Al chófer le enterneció su impaciencia. El joven llevaba meses alejado de su familia y parecía natural ese irrefrenable deseo de salir corriendo. Pero nada más apearse del coche, Hugo apretó el paso en dirección a las cuadras.
—¿No entra, señorito? —inquirió el trabajador confundido—. ¿Y el equipaje?
—¡Avise a mis padres que tardaré un rato! —exclamó él sin pararse.
Descorrió las maderas trancadas del establo y gritó el nombre de Aurora hasta desgañitarse.
—¿Auroraaa? ¿Dónde anda mi muñeca? ¿Cuánto me ha echado de menos?
Hugo la encontró dormitando sobre unas balas de paja, mientras unas crías de conejo cosquilleaban sus pantorrillas.

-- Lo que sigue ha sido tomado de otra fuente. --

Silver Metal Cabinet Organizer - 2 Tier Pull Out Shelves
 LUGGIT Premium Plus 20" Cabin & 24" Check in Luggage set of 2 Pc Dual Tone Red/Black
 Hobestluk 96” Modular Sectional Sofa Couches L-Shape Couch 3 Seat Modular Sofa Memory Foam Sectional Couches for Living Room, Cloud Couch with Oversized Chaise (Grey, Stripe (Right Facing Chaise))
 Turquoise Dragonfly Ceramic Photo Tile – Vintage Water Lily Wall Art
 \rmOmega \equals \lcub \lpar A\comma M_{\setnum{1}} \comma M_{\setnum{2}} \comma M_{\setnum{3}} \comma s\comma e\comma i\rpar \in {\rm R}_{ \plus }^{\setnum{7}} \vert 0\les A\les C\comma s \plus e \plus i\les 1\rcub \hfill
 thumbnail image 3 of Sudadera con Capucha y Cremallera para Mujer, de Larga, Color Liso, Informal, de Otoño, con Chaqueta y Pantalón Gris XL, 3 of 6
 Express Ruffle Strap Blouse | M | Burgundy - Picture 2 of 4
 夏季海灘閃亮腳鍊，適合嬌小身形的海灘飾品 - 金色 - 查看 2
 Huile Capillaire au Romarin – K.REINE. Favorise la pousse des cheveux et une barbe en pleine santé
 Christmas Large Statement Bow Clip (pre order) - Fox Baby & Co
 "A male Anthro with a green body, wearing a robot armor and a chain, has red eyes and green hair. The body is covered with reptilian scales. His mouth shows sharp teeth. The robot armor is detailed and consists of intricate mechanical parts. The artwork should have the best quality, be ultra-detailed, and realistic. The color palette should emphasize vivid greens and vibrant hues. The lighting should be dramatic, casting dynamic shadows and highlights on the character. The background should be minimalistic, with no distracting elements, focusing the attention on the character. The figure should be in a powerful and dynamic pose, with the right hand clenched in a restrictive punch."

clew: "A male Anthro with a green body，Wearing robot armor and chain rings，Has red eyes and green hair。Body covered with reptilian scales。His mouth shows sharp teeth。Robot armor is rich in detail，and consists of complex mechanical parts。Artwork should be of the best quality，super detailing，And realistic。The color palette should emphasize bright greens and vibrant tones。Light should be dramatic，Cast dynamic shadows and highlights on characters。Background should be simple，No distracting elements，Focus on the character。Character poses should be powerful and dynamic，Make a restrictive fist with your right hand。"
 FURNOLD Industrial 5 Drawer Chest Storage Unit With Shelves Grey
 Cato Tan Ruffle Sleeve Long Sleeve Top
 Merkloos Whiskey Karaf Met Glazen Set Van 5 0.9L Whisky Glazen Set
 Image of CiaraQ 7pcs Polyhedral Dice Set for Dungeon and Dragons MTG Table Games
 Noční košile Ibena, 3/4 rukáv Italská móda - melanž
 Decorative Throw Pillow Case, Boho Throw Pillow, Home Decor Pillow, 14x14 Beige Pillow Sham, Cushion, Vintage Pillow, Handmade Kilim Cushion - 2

Advirtió que lucía una piel bronceada y el pelo enmarañado, con restos de broza y flores secas. Estaba preciosa. Su labio superior, algo más abultado, señalaba la punta de la nariz, lo que solía sucederle si se quedaba dormida dejando la boca entreabierta. La estuvo admirando un rato antes de besarla en la frente. Al final, Aurora entreabrió los ojos y, nada más reconocerle, se enganchó a su cuello. Lloraba y reía a la par.
Cuando abandonaron las caballerizas, el viento había cambiado de rumbo y de un soplo les desbarató el pelo, lo que se convirtió en otro motivo de risa. De pronto, Hugo dirigió la vista hacia arriba incapaz de contener la obsesiva atracción que ejercía sobre él el torreón. Era la sugestión de lo clandestino.
Los ventanales que horadaban la fachada principal se guarecían con unos cortinones azules descoloridos por el sol. Siempre permanecían cerrados. Entonces, ¿qué hacían aquellos visillos flameando como suspiros?
Frenó de golpe sus pasos y Aurora se sobresaltó. Hugo creyó distinguir una sombra tras las finas colgaduras. Pero desde lo de su abuela, nadie pisaba el torreón.